Sampai sekarang, loji-loji itu masih kokoh berdiri. Pada masa kolonial di kawasan itu terdapat gedung (societet), semacam gedung kesenian untuk para penguasa Hindia Belanda. Kawasan Lojiwetan itu terletak di sebelah timur Benteng Vastenburg, kompleks tentara Belanda. Benteng itulah yang dijadikan pusat pertahanan kolonialis sekaligus untuk memantau gerak-gerik kaum pribumi, juga tentara kerajaan. Masih terkait dengan politik pecah-belah, di selatan Lojiwetan, pemerintah Hindia Belanda mengkotakkan keturunan Arab ke dalam sebuah perkampungan khusus, yang kini dikenal dengan nama Pasar Kliwon. Sebagai pusat interaksi yang terletak di kawasan Pecinan, bersebelahan dengan Pasar Gede terdapat Klenteng Avalokiteswara atau kini bernama Klenteng Tien Kok Sie. Tidak jelas asal-usulnya, namun kuat diduga klenteng memang biasa dibangun di daerah dimana komunitas keturunan Cina berada. Kali Pepe yang jaraknya hanya sejengkal dengan Pasar Gede, dahulu merupakan sarana transportasi utama bagi kaum pedagang yang menggunakan perahu atau kapal kecil . Apalagi, Kali Pepe terhubung dengan Sungai Bengawan Solo yang menghubungkan dengan dunia perdagangan internasional dengan pusatnya di Tuban dan Gresik, yang tak lain merupakan hulu sungai Bengawan Solo. (Sumber : www.wawasan_digital.com, Selasa 1 Juni 2010 ).

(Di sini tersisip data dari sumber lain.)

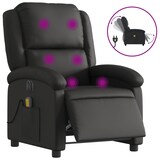 thumbnail of Décoshop26 - Fauteuil de relaxation TV fonction massage inclinable électrique en cuir véritable noir DEC027207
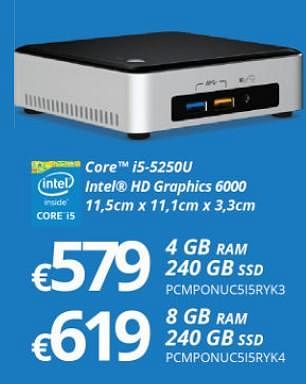 Promoties Intel nuc desktop pc - Intel - Geldig van 01/03/2018 tot 31/03/2018 bij Compudeals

Seiring perkembangan waktu, pasar ini menjadi pasar terbesar dan termegah di Solo. Awalnya penyaluran barang dilakukan oleh abdi dalem

Kraton Surakarta. Mereka mengenakan pakaian tradisional Jawa berupa jubah dari kain (lebar dan panjang dari bahan batik dipakai dari pinggang ke bawah), beskap (semacam kemeja), dan blangkon. Pungutan jasa kemudian akan diberikan ke Istana Kasunanan. Pasar Gede terdiri dari dua bangunan yang terpisah, masing-masing terdiri dari dua lantai . Pintu gerbang di bangunan utama terlihat seperti atap singgasana yang kemudian diberi nama Pasar Gede. Arsitektur Pasar Gede merupakan perpaduan antara gaya Belanda dan gaya tradisional. Pada tahun 1947, Pasar Gede mengalami kerusakan karena serangan Belanda. Pemerintah Indonesia kemudian merenovasi kembali pada tahun 1949. Perbaikan atap selesai pada tahun 1981. Pemerintah indonesia mengganti atap yang lama dengan atap dari kayu. Bangunan kedua dari Pasar Gede, dahulu digunakan untuk kantor DPU yang sekarang digunakan sebagai pasar buah dan ikan hias. Kondisi bangunan pasar ini jauh lebih beradab dari pasar pada umumnya karena Thomas Karsten sudah mempertimbangkan atap, sirkulasi udara, masuknya cahaya agar kondisi pasar tidak pengap, lembab dan juga menciptakan iklim komunikasi yang baik dengan cara membuat lorong yang dibuat lebar untuk memudahkan interaksi antar pedagang. Dengan bijak ia melakukan semacam pengamatan akan kebiasaan masyarakat dan mempelajari kebudayaan setempat. Tidak seperti kebanyakan arsitek Belanda yang justru terkesan memaksakan ide “Belanda” pada bangunan-bangunan di Indonesia .

( Sumber: Wawancara dengan Mulyono pegawai kantor pengelola Pasar Gede, Senin 5 Juli 2010 ).